Aber ein Land bekommt eben genau die Behörden, die es verdient. Deutsche sehen es nicht ungern, dass sich wenigstens eine staatliche Stelle um den scheinbaren medialen Unrat kümmert, wenn schon alle anderen ihr Wertebewusstsein verlieren: „Anything goes“, was zählt, sind Eyecatcher, die ihre Produkte an die Medienkonsumenten bringen wollen. Gut, dass es da Bundesprüfer gibt.
Die Sorge um das Wohl der Jugend regte sich gleich nach Kriegsende. Als ob die Wirklichkeit nicht jugendgefährdend genug gewesen wäre, regte F. J. Strauß bereits 1949 ein „Bundesgesetz gegen Schmutz und Schund“ an, was viele angesichts der allgemeinen Notlage als ziemlich absurd empfanden.
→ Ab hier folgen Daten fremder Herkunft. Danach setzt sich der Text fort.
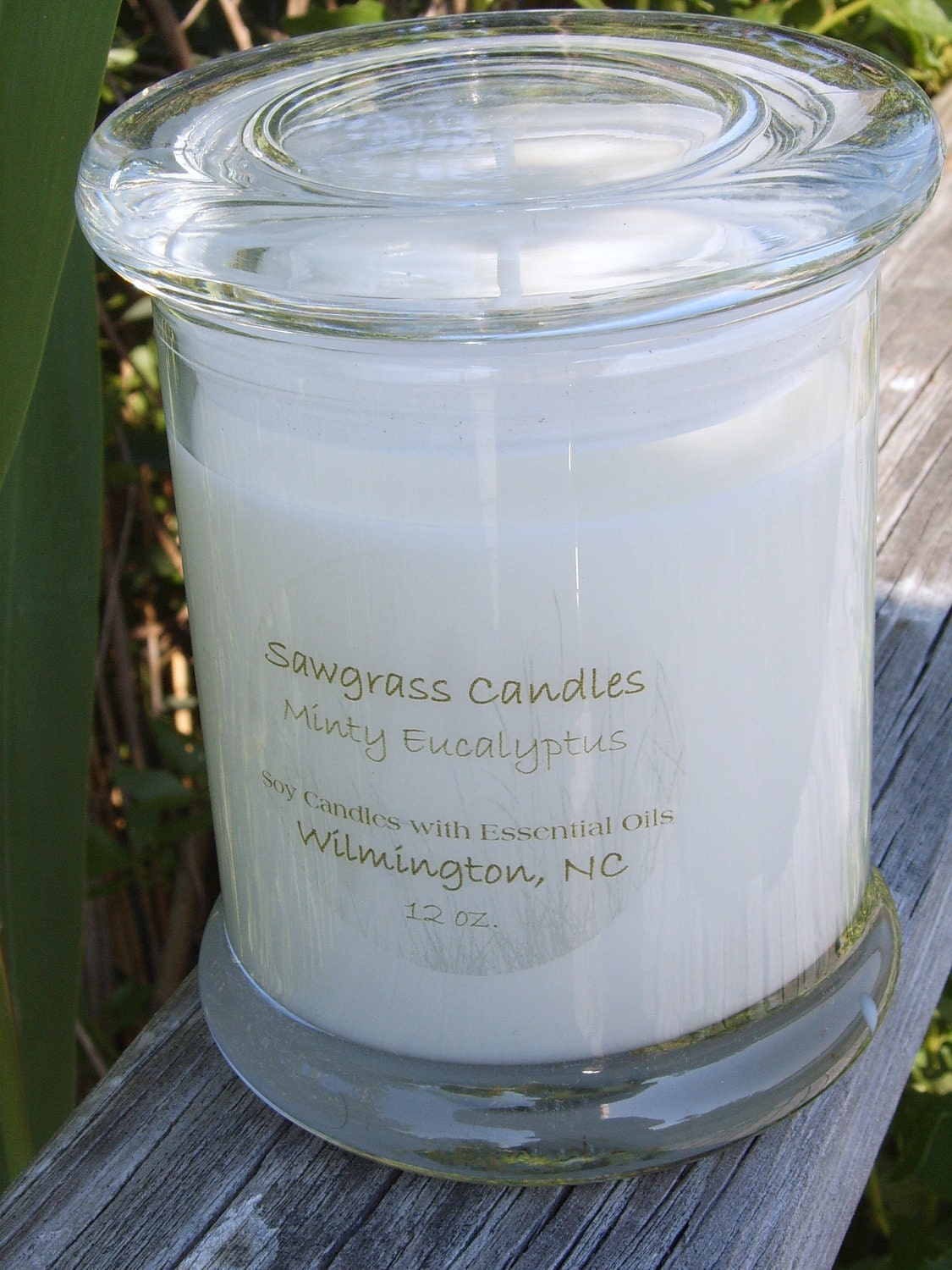 Soy Wax Candle - Minty Eucalyptus - 12oz scented with essential oils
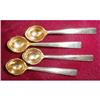 Image 1 : STERLING Salt SPOONS Gold BOWLS - Set of 4 #1608514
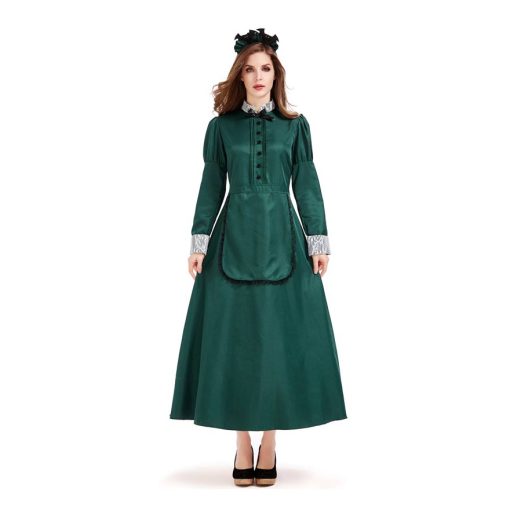 Emerald Enchantress: Dark Green Bat Wing Maid Costume for Women - Gothic Castle Inspired Long Sleeve Gown - Image 3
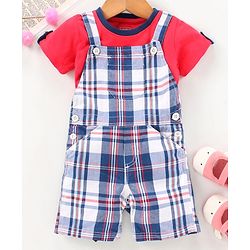 Babyhug Half Sleeves Tee and Dungaree Set Checks - Red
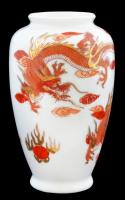 Jelzett kínai váza, kézzel festett, hibátlan, 12x7cm/ Marked Chinese vase, hand-painted, flawless, 12x7cm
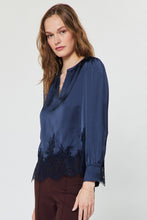 Load image into Gallery viewer, Navy Satin Lace Hem LS Blouse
Am 18. Mai 1954 war es doch so weit und die Bundesprüfstelle mit gerichtsähnlicher Funktion gegründet. Seitdem machen es sich Berufsbesorgte in ständig wechselnder Gremienbesetzung unter der Leitung ihrer derzeitigen Vorsitzenden, Elke Monssen-Engberding, zur Aufgabe, gefährdungsgeneigte Halbwüchsige vor „Schmutz und Schund“ zu bewahren, indem sie bis auf Tageszeitungen und Radio-/TV-Sendungen alle Medienobjekte „indizieren“ können.
Nach Jahrzehnten des spießigen Herummäkelns an blanken Busen werden heute keine von der Freiwilligen Selbstkontrolle freigegebenen Filme oder PC-Spiele mehr indiziert, es landen kaum noch Comics auf dem Index, und man konzentriert sich eher auf rechtsextreme Inhalte. Bedenklich bleiben jedoch die gerichtlichen Totalverbote der Prüfstelle wie „Braindead“, „Tanz der Teufel“ oder „Texas Chainsaw Massacre“. Und aktuelles Beispiel: der Splatter „Blood Feast“ von 1963 (!) – obwohl die Filmwissenschaft alle genannten Werke als Kunst einstuft. Selbst Frank Trebbins Filmlexikon „Die Angst sitzt neben Dir“ (als CD-ROM) darf nicht mehr gehandelt werden.
Statt auf eine Förderung der Medienkompetenz setzt man hierzulande beim mündigen Bürger immer noch auf die normative Kraft des faktischen Totalverbotes. Daran wird sich so schnell wohl nichts ändern, der nächste Werte-Backlash hat sich ja bereits angekündigt.